The jersey shirts are more in demand nowadays in the market and the manufacturers are getting huge orders for the construction of jersey shirts. Due to their complex construction, which is generally weft knitted, they have a high degree of stretch- ability in them. The interlining being used in these fabrics have to be matched with the characteristic of fabrics. A normal cotton interlining may not serve the purpose as it is much more stiff and does not have a high level of stretchability which is actually a major need in case of jersey shirts. Using a cotton interlining may make the jersey shirt look aesthetically bad and will also increase the chance of the number of problems arising.
The best solution for jersey shirts with high stretchability are bi-elastic interlinings. These are made up of bi-elastic fabrics that have a slight stretch across the bias of the material giving maximum comfort when worn. They have better stretch, elongation and recovery property which fits well with these jersey fabrics, having greater extent of stretchability in them.
The promising brands with these kind of interlinings are Freudenberg, Wendler and Talco. The brands have different range of different interlining weights to achieve the perfect collar look with high stretchability and resilience.
Shirts made from Polyester, Nylon – More heat sensitivity required
The variety of fabric present in the market have their own distinct characteristics. These properties have to be considered before performing any treatment on them. The outer fabric made out of viscose and nylone gives a super soft-hand feel and the perfect look. At the same time, this variety of fabric is the most heat-sensitive making it difficult to handle the fusing process that requires heat and pressure. Also, this characteristic sometimes affects the quality of the fusing applied to the interlining.
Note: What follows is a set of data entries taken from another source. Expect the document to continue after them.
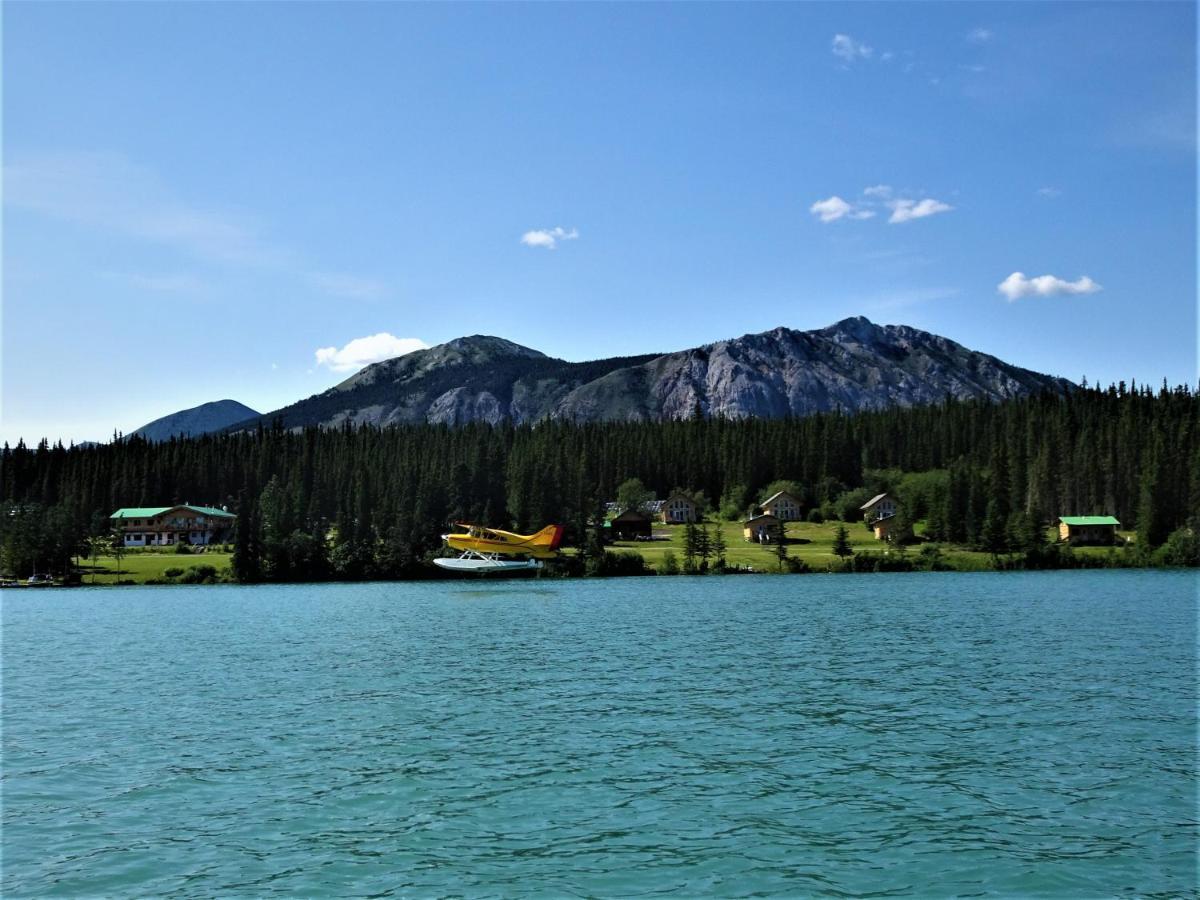 Southern Lakes Resort Tagish Экстерьер фото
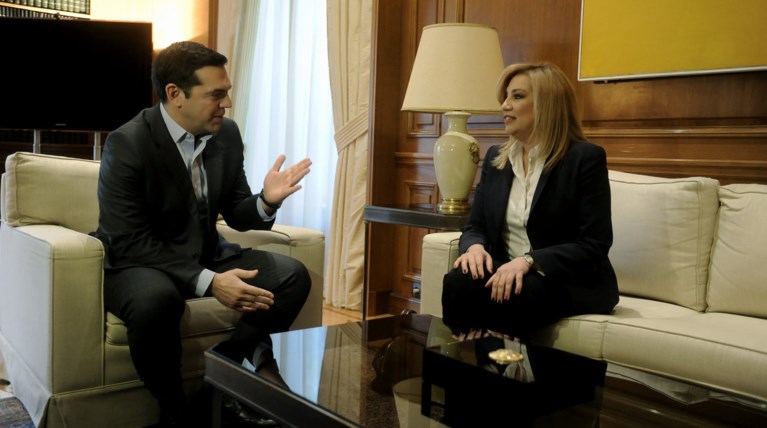 Σκληρή κόντρα Μαξίμου - ΔΗΣΥ για διαρροές και Σκοπιανό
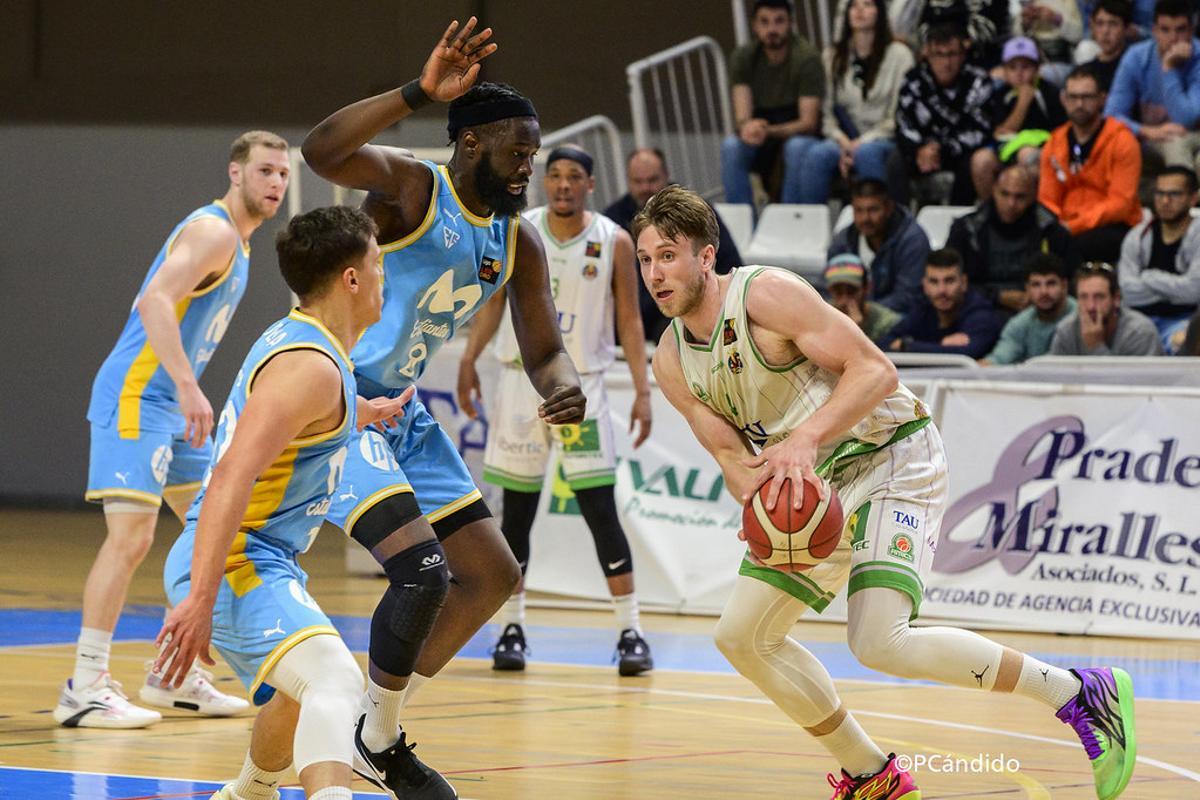 Hook durante el partido ante Estudiantes.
Moreover, the normal classic cotton fusible interlining may not give the type of result that is required. One of the disadvantages of using it is the high thermal shrinkage. Also, using classic lower temperature Cotton IL (LDPE) available in the market increases the risk of bubbling after few times of dry cleaning or home laundry.
Adhesive is a substance that causes fibres, fabric, yarns or other materials to stick together. Choosing the right kind of adhesive technology can help in achieving lower temperature fusing. Not all the adhesive in the market require high heat temperature for getting fused to the fabric. There are adhesives that can be fused in low temperature, and will therefore not harm the heat-sensitive fabric.
One such example is the Freudenberg 63XX range with its patented adhesive technology. These can be fused in low temperature and deliver better bond strength.
Uniform Shirts – More washability required
White shirts are used as uniform shirts and will always be in trend. Uniform shirts are used almost daily and therefore have to be washed a number of times. There are a number of problems that arise in these shirts because of the bad use of interlining. One is that of bubbling which comes in the shirt collar after certain washes.
Using a normal cotton interlining may not solve the purpose. Being a natural fibre, it has some small filament yarn and foreign yarn also contaminating the interlining that can be seen in the shirt and appears different from the shirt.
The stiffness and the softness required in the collar can be achieved only by a good quality interlining present in the market. However, many of the brands have come up with a better quality alternative too. One of them is the Freudenberg 68XX range. This is the perfect solution for uniform shirts and has already been tested on millions of shirts. This solution is completely man-made and certified. The other companies serving the purpose can be Wendler and Talco.